After the elections on 12 March 2006, the party became one of the most important in the new Congress, receiving 20 seats in the lower house and 15 in the upper house. Along with the Social Party of National Unity, or "Party of the U" (the largest party in the lower house and the second-largest in the upper house) and the Conservative Party, it was president Álvaro Uribe's main ally in Congress and formed part of his majority.

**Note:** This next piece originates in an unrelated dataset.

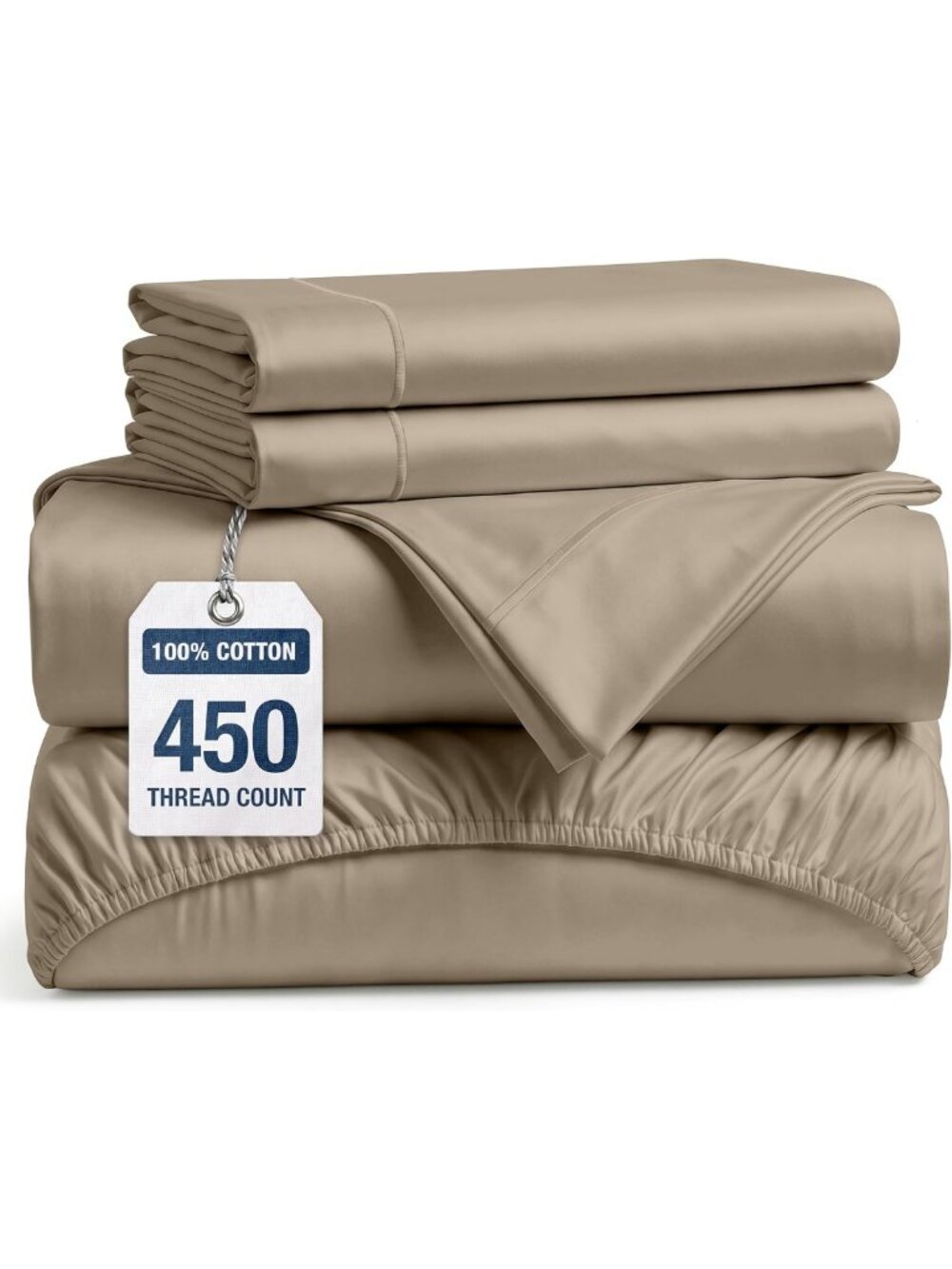 Luxurious 450TC 100% Cotton Full Sheet Set - Silky Sateen Weave, Taupe Color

It is currently in opposition to the left-wing government of Gustavo Petro.

==History==
===Origin===
After the tenure of president Ernesto Samper (1994-1998), a faction of the Liberal Party was not happy with the new social democratic route the party was moving towards. As such, a more right-wing faction of the party split away and formed Radical Change. However, it did not run for either parliamentary or presidential elections during the 1990s. It took on its current name on July 5, 2000.

==Uribe government==
In the 2002 elections, the party won two seats in the Senate and seven in the chamber of representatives. The party joined a coalition with the government of Álvaro Uribe, and voted in favor of the re-electionist project; this involved changing sections of the constitution that prevent a president from running for a second term. The 2006 election was their best electoral year. They became the 4th largest political group in Congress with 15 senators and 18 representatives. They remained in coalition with the Uribe administration and supported his candidacy for re-election. German Vargas Lleras, then leader of the party and senator, became one of the Senate's most active voices.

===Breakup===
The biggest party in Congress (and Uribe's new U Party) proposed to change the constitution, yet again, to allow the president to run for a third term. The party was divided between those who wanted a second direct re-election for a third term and those who were against it. Vargas Lleras was among those opposed.

Although a third term was deemed unconstitutional by the Supreme Court, the damage was done and those who still supported Uribe quit the party to run for Congress in the 2010 parliamentary elections with the newly-formed U party.

The party suffered big blows in 2010, losing votes and members in both chambers: seven Senators and two Representatives. Vargas Lleras then ran as the candidate in the 2010 presidential election, finishing in third place in the first round. The party then joined the first-round winner, Juan Manuel Santos, along with the Liberal Party and the Conservative party to form the "National Unity Pact" that would work together for the next four years.

===National Unity Pact===
The party assisted the government with most of their agenda in Congress.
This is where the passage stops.